So the president took a few days to speak to the nation about the failed terrorist effort on Christmas Day.
b.f.d.
While we would expect that the GOP voices would not miss an opportunity to criticize Obama – no matter what he did – this time the media, from the left all the way to the right, was quick to jump down the president’s throat for waiting until he actually had something to say before addressing the nation.
According to the media and the Republican critics, the president erred in not taking immediately to the airwaves to provide his fellow Americans ‘assurance and comfort’ that everything was, indeed, okay.
What are we…five year olds? Obviously, everything was and is not okay and hearing the President of the United States pretend otherwise would only have provided me with assurance that the government was treating me like an imbecile.
But Obama didn’t do that. He waited until he knew what he was talking about before passing the information along to us- a lesson Homeland Security Chief Janet Napolitano might want to take to heart. When government officials speak before they think, they say stupid things like “The system worked.”
Apparently, President Obama believes that we should be treated like adults. Go figure.
In point of fact, it wasn’t until the last twenty-four hours that Obama had enough facts to tell us something useful. Speaking today from Hawaii, Obama said-
A systemic failure has occurred, and I consider that totally unacceptable. There was a mix of human and systemic failures that contributed to this potentially catastrophic breach of security. We need to learn from this episode and quickly fix the flaws in our system because our security is at stake and lives are at stake.
Via LA Times
The president went on to report that there had been information provided to the intelligence community that should have been put together and that, had things worked as they are supposed to, the terrorist would never have been permitted to board the plane he attempted to blow up.
While some Americans may find that news in no way reassuring, I find it to be quite to the contrary. I’d much rather the president get to the bottom of the problem and do something about it rather than read me bedtime stories so I can fool myself into sleeping better at night.
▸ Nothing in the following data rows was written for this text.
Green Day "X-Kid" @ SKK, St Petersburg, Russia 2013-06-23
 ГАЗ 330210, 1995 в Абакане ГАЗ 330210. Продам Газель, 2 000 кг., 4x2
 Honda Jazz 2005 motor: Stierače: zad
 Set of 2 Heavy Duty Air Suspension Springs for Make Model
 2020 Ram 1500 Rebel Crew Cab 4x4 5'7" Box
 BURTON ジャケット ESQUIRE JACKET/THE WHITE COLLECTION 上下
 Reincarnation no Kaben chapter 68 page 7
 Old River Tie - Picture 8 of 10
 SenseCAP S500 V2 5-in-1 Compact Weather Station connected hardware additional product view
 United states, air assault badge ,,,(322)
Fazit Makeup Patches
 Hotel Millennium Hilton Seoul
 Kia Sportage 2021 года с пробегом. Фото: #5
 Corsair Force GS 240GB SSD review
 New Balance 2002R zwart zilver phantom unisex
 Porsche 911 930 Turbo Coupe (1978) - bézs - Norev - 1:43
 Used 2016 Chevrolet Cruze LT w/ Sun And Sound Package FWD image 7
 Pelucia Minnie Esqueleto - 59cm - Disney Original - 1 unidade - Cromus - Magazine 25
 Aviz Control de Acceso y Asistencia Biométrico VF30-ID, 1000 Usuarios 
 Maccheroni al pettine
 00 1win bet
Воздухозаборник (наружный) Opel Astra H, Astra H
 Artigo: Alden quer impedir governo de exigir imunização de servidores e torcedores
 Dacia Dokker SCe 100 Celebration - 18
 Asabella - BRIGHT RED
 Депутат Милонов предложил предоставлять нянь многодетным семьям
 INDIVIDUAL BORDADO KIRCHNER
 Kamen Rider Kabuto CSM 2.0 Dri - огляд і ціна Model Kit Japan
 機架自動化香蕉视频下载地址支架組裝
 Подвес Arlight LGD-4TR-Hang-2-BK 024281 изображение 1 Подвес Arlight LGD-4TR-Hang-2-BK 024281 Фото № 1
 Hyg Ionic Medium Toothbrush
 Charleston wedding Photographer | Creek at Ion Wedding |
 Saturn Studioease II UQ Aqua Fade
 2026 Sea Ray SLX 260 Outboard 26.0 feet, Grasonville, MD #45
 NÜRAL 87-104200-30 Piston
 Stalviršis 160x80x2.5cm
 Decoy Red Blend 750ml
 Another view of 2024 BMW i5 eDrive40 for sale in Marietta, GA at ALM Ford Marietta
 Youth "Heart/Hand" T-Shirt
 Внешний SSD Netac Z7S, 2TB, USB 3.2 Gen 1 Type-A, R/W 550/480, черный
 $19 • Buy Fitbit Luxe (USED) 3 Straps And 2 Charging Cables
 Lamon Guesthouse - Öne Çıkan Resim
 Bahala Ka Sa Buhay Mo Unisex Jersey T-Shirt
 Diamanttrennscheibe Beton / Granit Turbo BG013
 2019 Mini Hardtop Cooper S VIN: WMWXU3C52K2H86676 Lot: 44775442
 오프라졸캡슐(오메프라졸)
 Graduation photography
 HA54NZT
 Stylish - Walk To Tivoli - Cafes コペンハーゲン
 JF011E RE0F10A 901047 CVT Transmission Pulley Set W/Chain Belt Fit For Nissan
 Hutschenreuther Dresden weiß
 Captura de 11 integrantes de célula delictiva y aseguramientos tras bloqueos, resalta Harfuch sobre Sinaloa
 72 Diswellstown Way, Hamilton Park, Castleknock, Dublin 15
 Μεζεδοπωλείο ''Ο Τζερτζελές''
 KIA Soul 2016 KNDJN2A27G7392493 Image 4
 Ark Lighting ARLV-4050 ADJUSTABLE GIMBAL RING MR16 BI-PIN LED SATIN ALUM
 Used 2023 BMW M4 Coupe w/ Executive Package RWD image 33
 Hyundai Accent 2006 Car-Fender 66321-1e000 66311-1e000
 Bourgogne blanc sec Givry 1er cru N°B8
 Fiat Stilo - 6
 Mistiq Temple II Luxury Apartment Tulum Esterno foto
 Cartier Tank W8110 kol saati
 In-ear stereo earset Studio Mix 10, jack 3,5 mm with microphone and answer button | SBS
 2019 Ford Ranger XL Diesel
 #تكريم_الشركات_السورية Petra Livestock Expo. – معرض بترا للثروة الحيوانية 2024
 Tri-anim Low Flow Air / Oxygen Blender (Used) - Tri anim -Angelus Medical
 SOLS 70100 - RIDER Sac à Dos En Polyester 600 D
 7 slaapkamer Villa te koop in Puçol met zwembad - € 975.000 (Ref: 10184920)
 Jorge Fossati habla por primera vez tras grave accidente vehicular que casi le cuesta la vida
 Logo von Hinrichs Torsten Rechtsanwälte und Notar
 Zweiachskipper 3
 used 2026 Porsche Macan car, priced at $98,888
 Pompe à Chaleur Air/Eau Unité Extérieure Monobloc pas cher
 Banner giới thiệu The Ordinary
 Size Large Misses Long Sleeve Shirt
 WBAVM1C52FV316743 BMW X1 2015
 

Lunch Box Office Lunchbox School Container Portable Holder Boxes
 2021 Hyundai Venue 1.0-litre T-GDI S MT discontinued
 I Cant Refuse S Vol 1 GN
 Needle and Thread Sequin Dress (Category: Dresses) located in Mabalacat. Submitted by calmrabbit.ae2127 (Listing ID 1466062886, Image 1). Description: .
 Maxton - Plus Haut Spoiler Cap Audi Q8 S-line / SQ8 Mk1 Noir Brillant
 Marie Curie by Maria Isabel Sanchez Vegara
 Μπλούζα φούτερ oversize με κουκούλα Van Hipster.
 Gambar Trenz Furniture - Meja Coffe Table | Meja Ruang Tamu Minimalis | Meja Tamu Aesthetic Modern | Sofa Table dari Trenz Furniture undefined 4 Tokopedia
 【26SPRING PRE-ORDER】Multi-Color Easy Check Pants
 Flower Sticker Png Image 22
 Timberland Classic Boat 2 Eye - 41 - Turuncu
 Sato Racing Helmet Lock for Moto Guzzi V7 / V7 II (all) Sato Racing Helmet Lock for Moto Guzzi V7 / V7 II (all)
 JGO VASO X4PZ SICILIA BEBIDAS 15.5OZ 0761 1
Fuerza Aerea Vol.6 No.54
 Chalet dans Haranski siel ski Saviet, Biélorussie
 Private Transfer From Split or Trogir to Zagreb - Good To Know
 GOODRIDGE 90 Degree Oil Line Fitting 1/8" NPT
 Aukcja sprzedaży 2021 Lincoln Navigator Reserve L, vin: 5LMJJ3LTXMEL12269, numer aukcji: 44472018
It’s time to grow up folks. It’s a rough world we live in and having leaders who would tell us otherwise is not going to do anyone any good.
To my Republican friends I would say this – enough already with the whole political points game. Serious times require serious people and there doesn’t seem to be a serious bone in your collective bodies except for when it comes to feathering your own re-election opportunities. Your behavior – in the midst of an important national situation – is immature, immoral and wholly unacceptable. Whether you like it or not, Obama is the president we have. Until that changes, maybe you should get your heads out of your collective behinds and see if you can’t figure out that terrorist attacks don’t make for good political gamesmanship. You might also take note that people who can read and think know all too well that it was the GOP in Congress that shot down approval of a technology system capable of catching a terrorist stuffed with the very chemical compound involved in this incident.
And to the media – whether liberal, conservative or whatever, I would remind you that the president does not serve to make your job easier. While a Christmas Day speech might have given you something to talk to death, at least for those of you who showed up to cover the event which excludes MSNBC, such a speech would have served no public benefit whatsoever as the president didn’t yet know enough to say anything important. If you want information to talk about, get your pundit’s posteriors off your cushy studio seats, go out there and dig it up for yourselves. That is, I believe, the actual job of a news organization.
It is often suggested that when someone is treated as an adult, they will, in turn, act like an adult. President Obama is doing his part – maybe the rest of us should get on board and do ours.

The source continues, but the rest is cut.